Single by Ghali featuring Madame

from the album Sensazione ultra
- Released: 17 June 2022
- Recorded: 2022
- Length: 2:45
- Label: Atlantic; Warner; Sto;
- Composers: Eugenio Maimone; Federico Mercuri; Giordano Cremona; Leonardo Grillotti;
- Lyricists: Ghali Amdouni; Francesca Calearo; Jacopo Ettorre;
- Producer: Itaca

Ghali singles chronology
| "Fortuna" (2022) | "Pare" (2022) | "Puta" (2023) |

Madame singles chronology
| "L'eccezione" (2021) | "Pare" (2022) | "Caos" (2022) |

= Pare (song) =

"Pare" is a song by Italian rapper Ghali, with featured vocals by Madame. It was released on 17 June 2022 as the fourth single from Ghali's third studio album Sensazione ultra.
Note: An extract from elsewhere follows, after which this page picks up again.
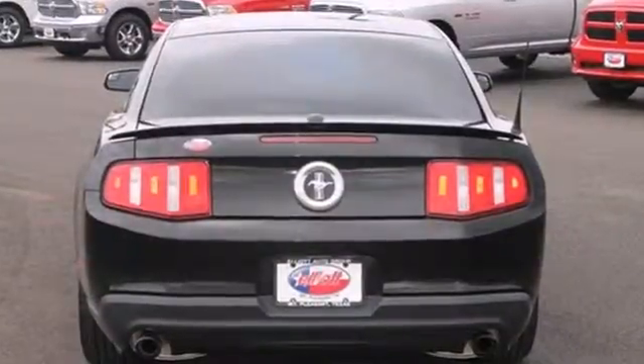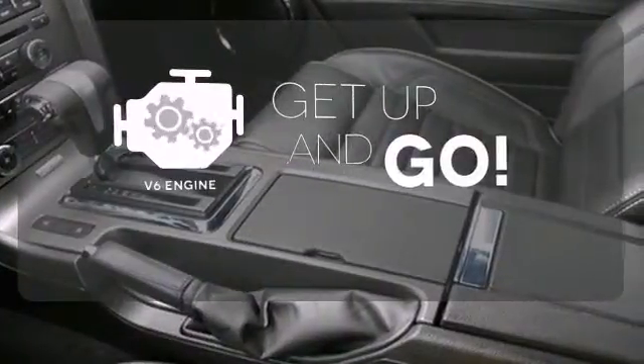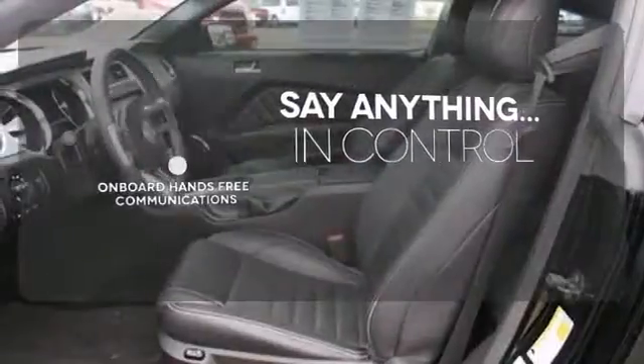Know you're protected with its stability and traction control, anti-lock brakes and brake assist. The V6 engine provides the power you need. The power of your voice has never been more clear with onboard hands-free communications.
The song also includes an uncredited vocal cameo by rapper Massimo Pericolo.

==Personnel==
Credits adapted from Tidal.
- Ghali – lyricist and vocals
- Madame – featured artist, lyricist, vocals
- Itaca – producer, programming and recording engineer
- Eugenio Maimone – composer
- Federico Mercuri – composer
- Giordano Cremona – composer
- Leonardo Grillotti – composer
- Jacopo Ettorre – lyricist
- Mikaelin "Blue" BlueSpruce – mixing engineer

==Music video==
The music video for "Pare", directed by Davide Vicari, was released on 27 June 2022 via Ghali's YouTube channel.

==Charts==

===Weekly charts===

Weekly chart performance for "Pare"
| Chart (2022) | Peak position |
|---|---|
| Italy (FIMI) | 29 |

===Year-end charts===

Year-end chart performance for "Pare"
| Chart (2022) | Position |
|---|---|
| Italy (FIMI) | 74 |

==Certifications==

| Region | Certification | Certified units/sales |
| Italy (FIMI) | 2× Platinum | 200,000^{‡} |
^{‡} Sales+streaming figures based on certification alone.